Causal Patching Guide¶

Overview¶

Causal patching (also called activation patching or interchange intervention) is the most widely used technique in mechanistic interpretability. It answers: which model components are causally responsible for a specific behavior?

The idea: run the model on a clean input and a corrupted input. Then re-run the corrupted input, but patch in the clean activation at a specific component. If the model recovers the clean behavior, that component was causally important.

Quick Start¶

from mlxterp import InterpretableModel
from mlxterp.causal import activation_patching

model = InterpretableModel("mlx-community/Llama-3.2-1B-Instruct-4bit")
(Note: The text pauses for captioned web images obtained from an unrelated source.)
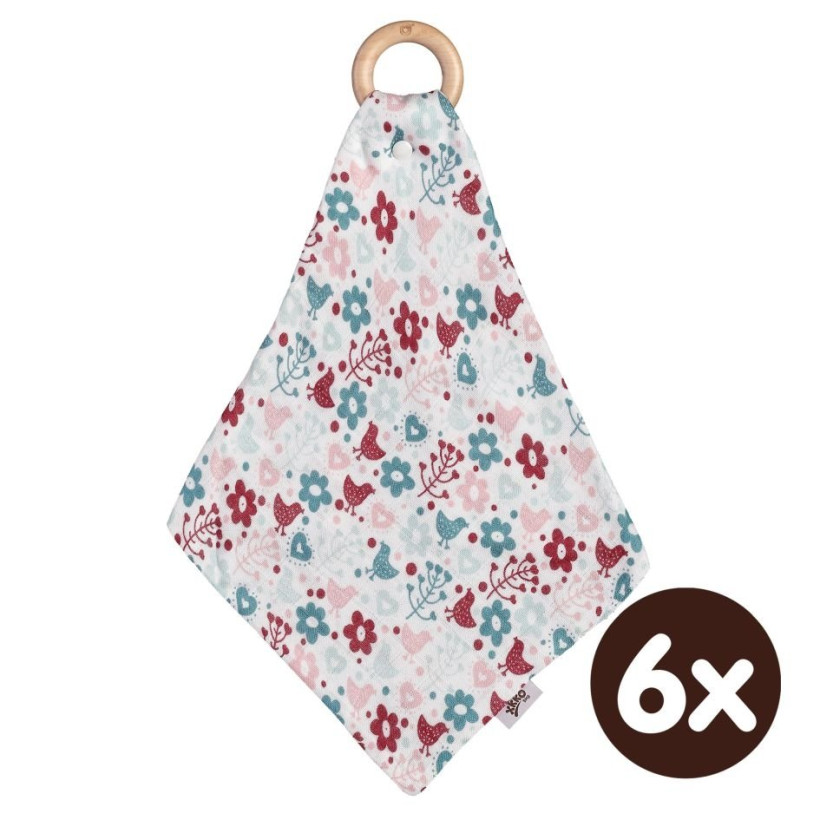 XKKO BMB Bamboo teether with Muslin - Flowers&Birds Girls 6x1ps (Wholesale pack.)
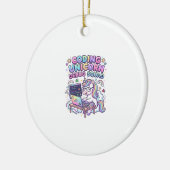 Einhorn Coding Einhorn Debug Squad Charmanter Mark Keramik Ornament (Links)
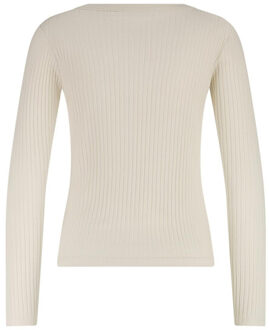 Lilia top ls rib tops nkf01039 - maat S Ecru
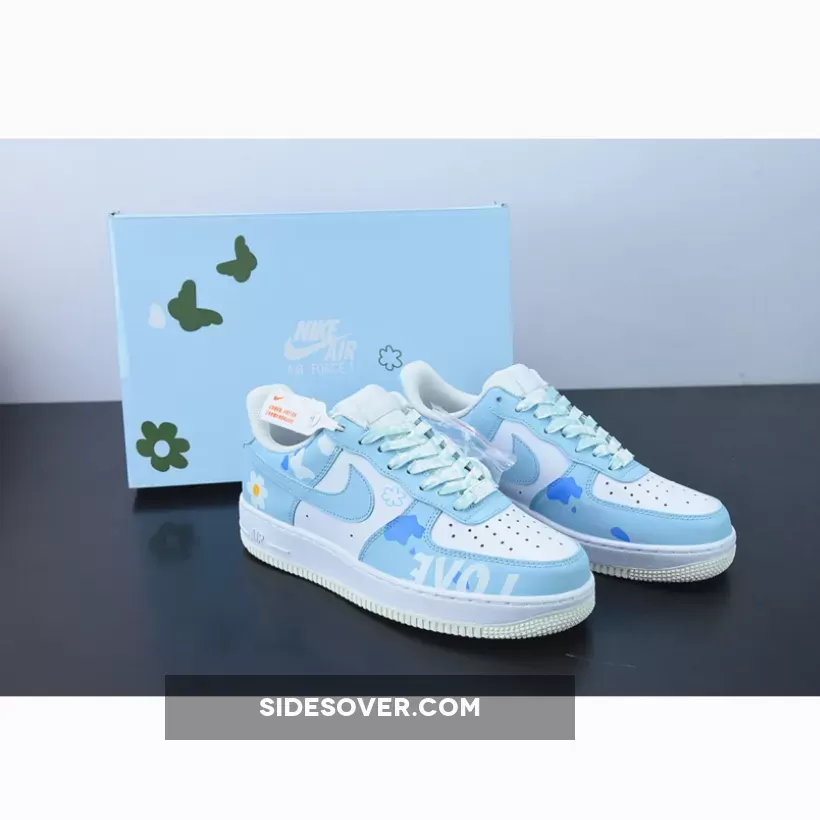 Custom Nike Air Force 1 Low 'Love' Light Blue White / jordan air force 1 blue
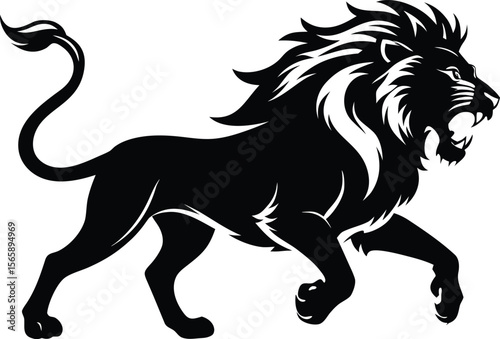 A aggresive lion running pose vector icon silhouette isolated white background
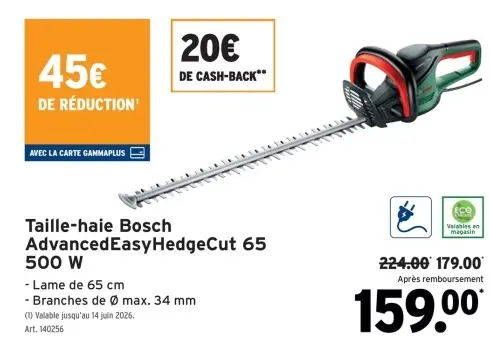 Offre: Taille-haie Bosch AdvancedEasyHedgeCut 65 500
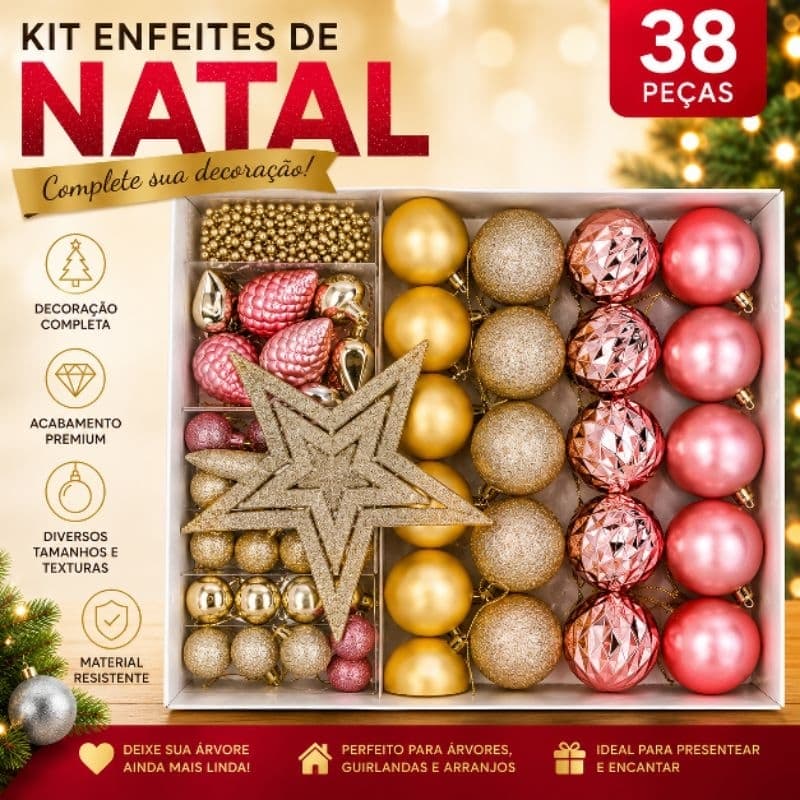 Kit Decoração Natalina Bola Estrela Dourada Rosa Completa Festiva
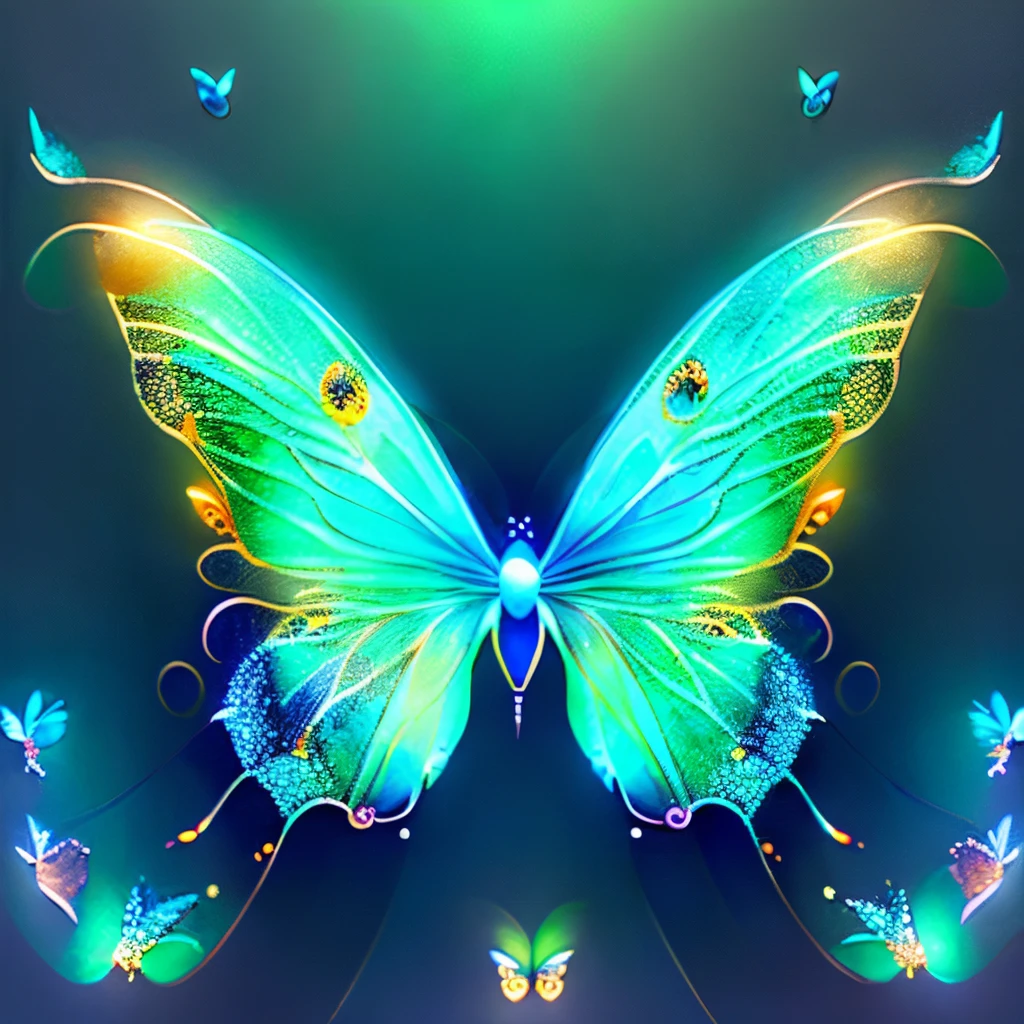 tmasterpiece，Best quality at best，(nothing but butterflies)，(NOhumans),Butterfly neon wings，From beginning to end to the end，Delicate butterflies，The sheen，inverted image，Sparkling blue-green gemstones，Elegant and noble,simple backgound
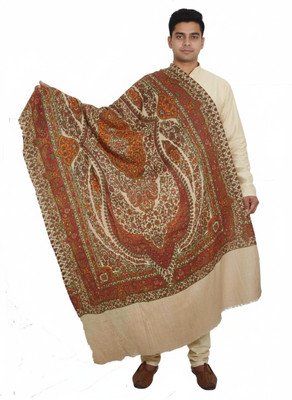 KAVIM Wool Printed Men Shawl(Beige)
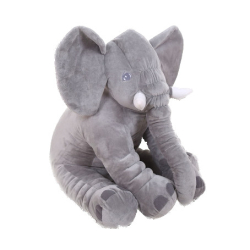Velký plyšový šedý slon - 40 cm - šedý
# Which layers' MLPs are important for factual recall?
result = activation_patching(
    model,
    clean="The Eiffel Tower is in Paris",
    corrupted="The Colosseum is in Paris",
    component="mlp",
    metric="l2",
)

result.plot()  # Bar chart of per-layer effects
print(result.top_components(k=5))

Components You Can Patch¶

Component	Description	Result Shape
`"resid_post"`	Full layer output (residual stream)	`(n_layers,)`
`"attn"`	Attention module output	`(n_layers,)`
`"mlp"`	MLP/feed-forward output	`(n_layers,)`
`"attn_head"`	Individual attention heads	`(n_layers, n_heads)`

Choosing a Metric¶

Metric	Best For	Notes
`"l2"`	General purpose	Normalized recovery, 0-1 scale
`"logit_diff"`	IOI, factual recall	Requires `correct_token` and `incorrect_token`
`"kl"`	Distribution comparison	Negative KL (higher = better)
`"cosine"`	Direction-sensitive tasks	Good for large vocabularies
`"ce_diff"`	Loss-based evaluation	Positive = patching reduced loss

Complete Example: Factual Recall¶

from mlxterp import InterpretableModel
from mlxterp.causal import activation_patching
from mlxterp.metrics import logit_diff

model = InterpretableModel("mlx-community/Llama-3.2-1B-Instruct-4bit")

clean = "The Eiffel Tower is in"
corrupted = "The Colosseum is in"

# Step 1: Find important layers (MLP)
mlp_result = activation_patching(
    model, clean, corrupted,
    component="mlp",
    metric="l2",
)

# Step 2: Find important layers (attention)
attn_result = activation_patching(
    model, clean, corrupted,
    component="attn",
    metric="l2",
)

# Step 3: For the most important layer, find which heads matter
top_layer = mlp_result.top_components(k=1)[0][0]
print(f"Most important MLP layer: {top_layer}")

head_result = activation_patching(
    model, clean, corrupted,
    component="attn_head",
    metric="l2",
    layers=[top_layer - 1, top_layer, top_layer + 1],
)

head_result.plot()  # Heatmap: layer x head

Position-Level Patching¶

Identify which token positions carry the critical information:

result = activation_patching(
    model, clean, corrupted,
    component="mlp",
    positions=[3, 4, 5],  # Only patch these positions
)

Using CausalTrace for Multi-Patch Experiments¶

When you want to patch multiple components simultaneously:

with model.causal_trace(clean, corrupted) as ct:
    # Patch MLP at layers 5-7 and attention at layer 9
    ct.patch("layers.5.mlp")
    ct.patch("layers.6.mlp")
    ct.patch("layers.7.mlp")
    ct.patch("layers.9.self_attn")

    # All patches applied at once
    effect = ct.metric("l2")
    print(f"Combined effect: {effect:.4f}")

Using logit_diff Metric¶

For tasks with a clear correct/incorrect answer:

correct_token = model.tokenizer.encode(" Paris")[-1]
incorrect_token = model.tokenizer.encode(" Rome")[-1]

result = activation_patching(
    model, clean, corrupted,
    component="mlp",
    metric="logit_diff",
    metric_kwargs={
        "correct_token": correct_token,
        "incorrect_token": incorrect_token,
    },
)

Working with Results¶

Every patching function returns a PatchingResult:

# Summary
print(result.summary())

# Top components
for layer, effect in result.top_components(k=5):
    print(f"  Layer {layer}: {effect:.4f}")

# JSON export (for programmatic use)
json_data = result.to_json()

# Markdown report
print(result.to_markdown())

# Raw effect matrix
print(result.effect_matrix)       # mx.array
print(result.effect_matrix.tolist())  # Python list

Interpreting Results¶

High positive effect: This component is important. Patching the clean activation into the corrupted run recovered the clean behavior.
Near-zero effect: This component doesn't contribute to the difference between clean and corrupted.
Negative effect: Patching this component made things worse (rare, but indicates interference).

Rule of Thumb

Start with component="mlp" and component="attn" at all layers to get a broad picture. Then zoom into specific layers with component="attn_head" for head-level analysis.